Two types of linear models were developed: Simple linear regression and multiple linear regression model. In simple linear regression model, only one dependent variable (predictor) was used. This helps correct slopes and offsets (intercepts) values of the lower-cost sensors to improve the accuracy of results. During calibration, the measurements are regressed vs reference measurements, where readings from the E-MOTEs (NO_mean or NO2_mean) are taken as independent (x-axis) and reference readings (NO_DG or NO2_DG) as the dependent (y-axis) variable.

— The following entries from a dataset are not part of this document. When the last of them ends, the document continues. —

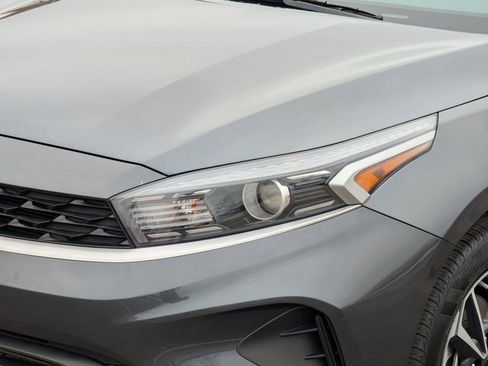 Used 2024 Kia Forte LXS image 10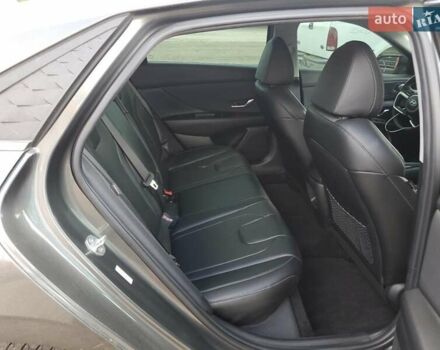 Серый Хендай Элантра, объемом двигателя 2 л и пробегом 74 тыс. км за 6500 $, фото 9 на Automoto.ua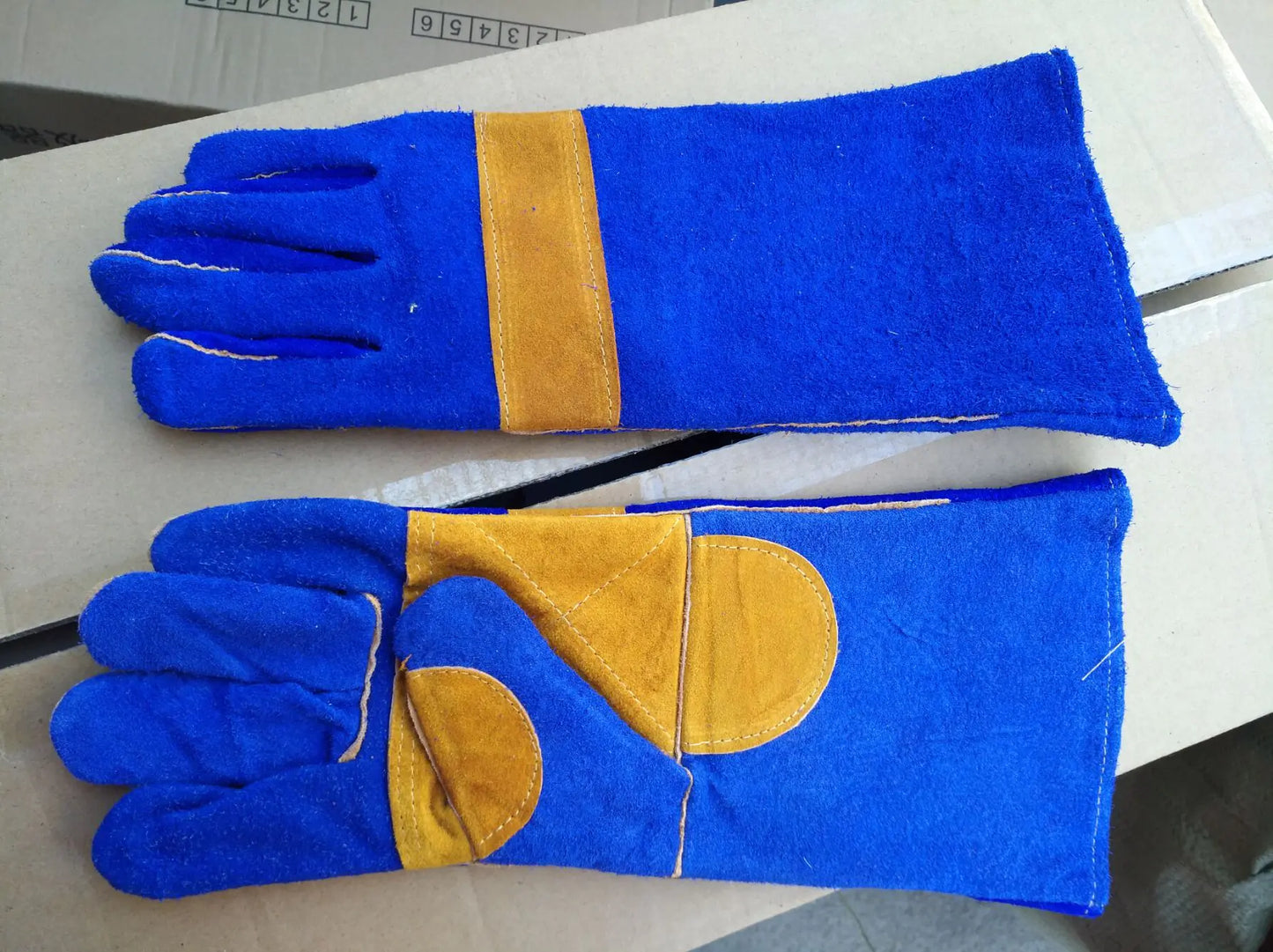 🔥: Welding Gloves - Durable Cowhide Work Gloves for High-Temperature Protection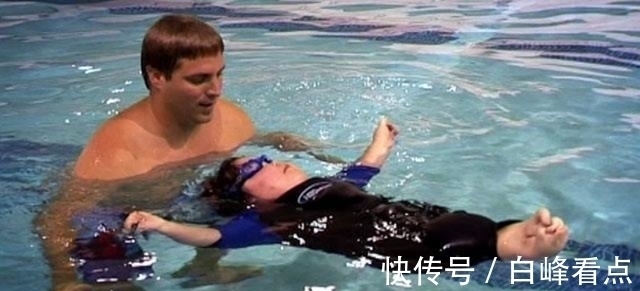 希洛|现实美人鱼女孩:没有双腿长了“人鱼尾”,却从未停止摇摆尾巴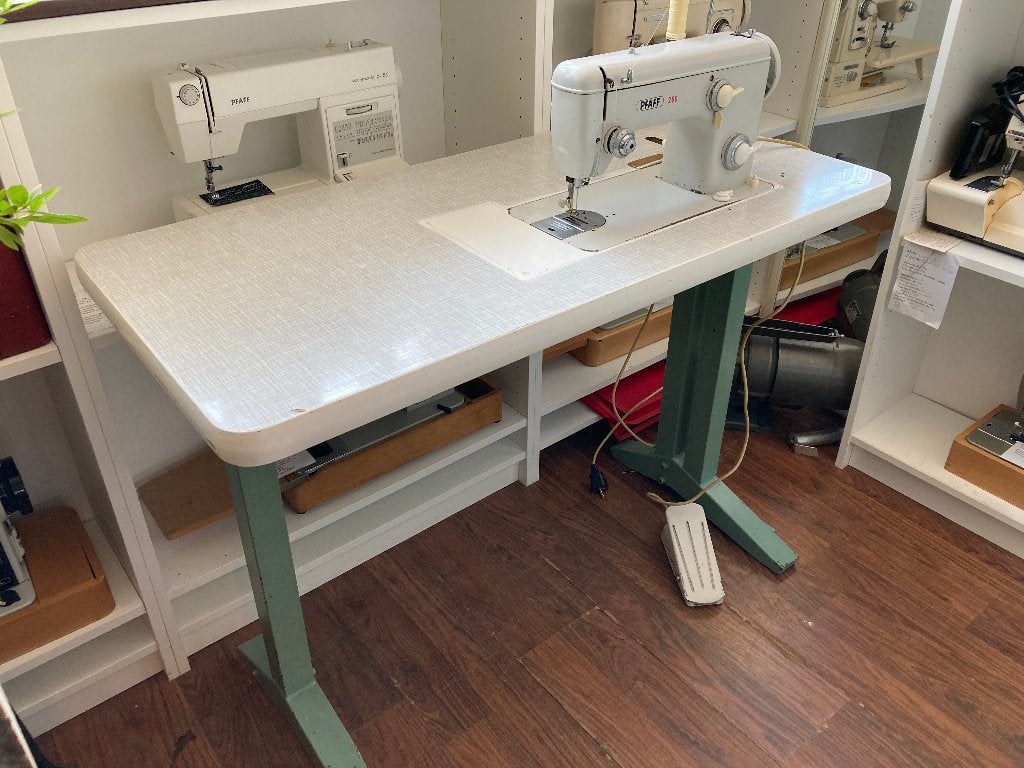 Pfaff 260 semi industrie - IN TAFEL zware materialen/leer, Hobby en Vrije tijd, Naaimachines en Toebehoren, Ophalen, Duitsland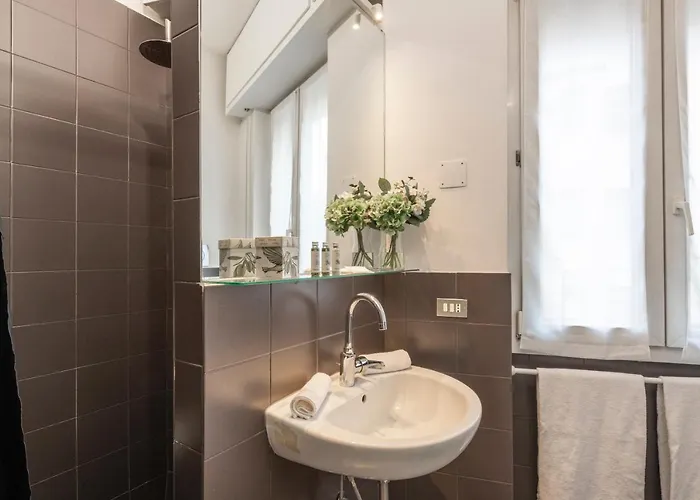 Bnbutler - Cesare Brivio, 21 - Ampio E Luminoso Apartament *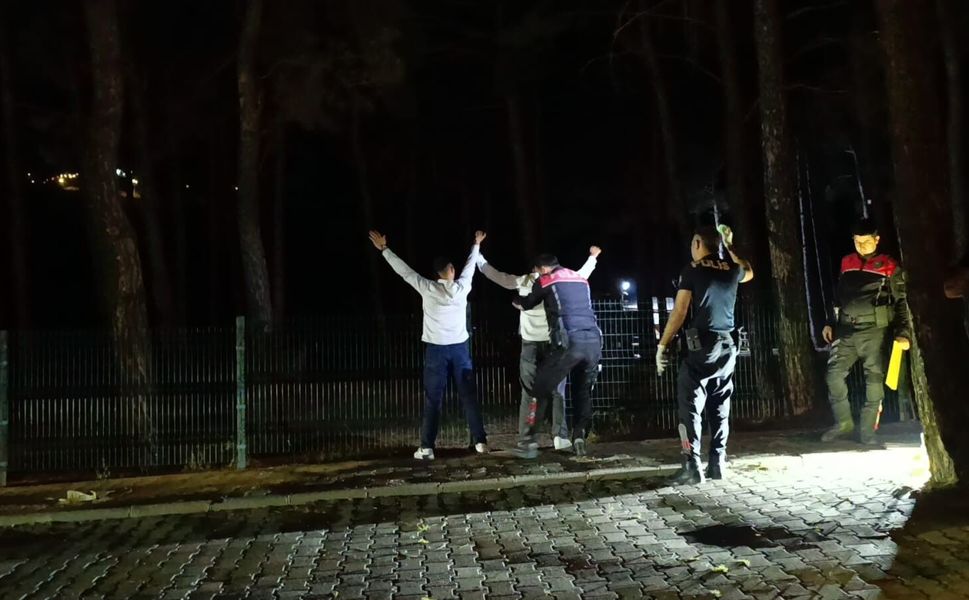 Onikişubat’ta İki Grup Birbirine Girdi: Ruhsatsız Silahlar Ele Geçirildi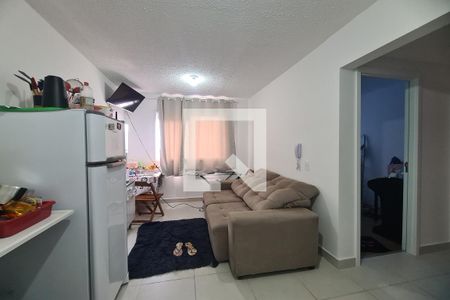 Sala/Cozinha de apartamento à venda com 2 quartos, 38m² em Vila Graciosa, São Paulo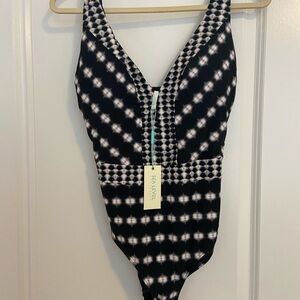 Sea level black and white one piece size 10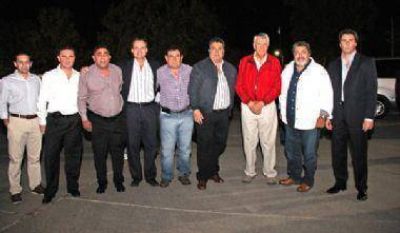 El l�der nacional de la UOCRA pas� por San Juan y firm� convenios con la Provinca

The regression model is run and values of slopes and intercepts are calculated as shown in Eqs. 1 and 2; here, DG stands for Devonshire Green which is the location of a reference air quality monitoring station and NO_mean is the average of the readings from all the sensors.
$$ \mathrm{NO}\_\mathrm{DG}={\upbeta}_{\mathrm{o}}+{\upbeta}_1\left(\mathrm{NO}\_\mathrm{mean}\right)+\upvarepsilon $$
(1)
$$ {\mathrm{NO}}_2\_\mathrm{DG}={\upbeta}_{\mathrm{o}}+{\upbeta}_1\left({\mathrm{NO}}_2\_\mathrm{mean}\right)+\upvarepsilon $$
(2)

The values of slopes and intercepts are then applied to the whole dataset of E-MOTEs.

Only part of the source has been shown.